De la fuite devant l’extermination en marche à l’apprentissage de la jouissance : le sexe tarifé, l’opium et la mort se contemplent dans Les petites amoureuses, le très « incorrect » et très puissant premier roman de Clara Benador.

On n’est pas sérieuse quand on a vingt-quatre ans. Clara Benador publie son premier roman. Est-ce au fond si précoce ? Non, si quelques-uns se souviennent que Valérie Samama alias Valérie Valère écrivit son premier livre à quinze ans et Françoise Quoirez alias Françoise Sagan, à dix-sept ans. Clara Benador n’a pas d’alias. Clara Benador est Clara Benador. Elle a bien fait de conserver ce joli patronyme qui, je l’ai découvert, signifie Fils des maisons en arabe. Disons Fille des maisons, cela convient mieux à son sexe.
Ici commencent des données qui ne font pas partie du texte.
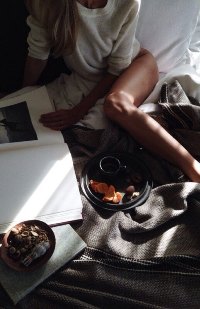 99px.ru аватар Девушка в кровати с книгой и завтраком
De quelles maisons s’agit-il ? De celle de la Suisse qui l’a vue grandir sur les rives tranquilles du Lac Léman ? De celle de Paris, sur cette rive Gauche parfois plus remuante ? De cette autre maison rôtissant sur la rive méditerranéenne ? Que de rives pour celle qui rêve… N’oublions pas la maison posée à l’ombre d’une abbaye à moitié ruinée où elle abrite ses amours avec un écrivain majeur à la belle tête d’alchimiste. Clara Benador possède un visage minuscule et grandiose, à la somptueuse pâleur de crypte, une frimousse de chatte mangée de grands yeux marron, une chevelure ébouriffante qui semble parfois vouloir l’élever vers le ciel, ou d’autres cieux encore, ceux de Musidora, la grande actrice du muet à laquelle elle me fait penser, l’interprète d’Irma Vep, la reine des vampires qui faisait frissonner Aragon et Breton.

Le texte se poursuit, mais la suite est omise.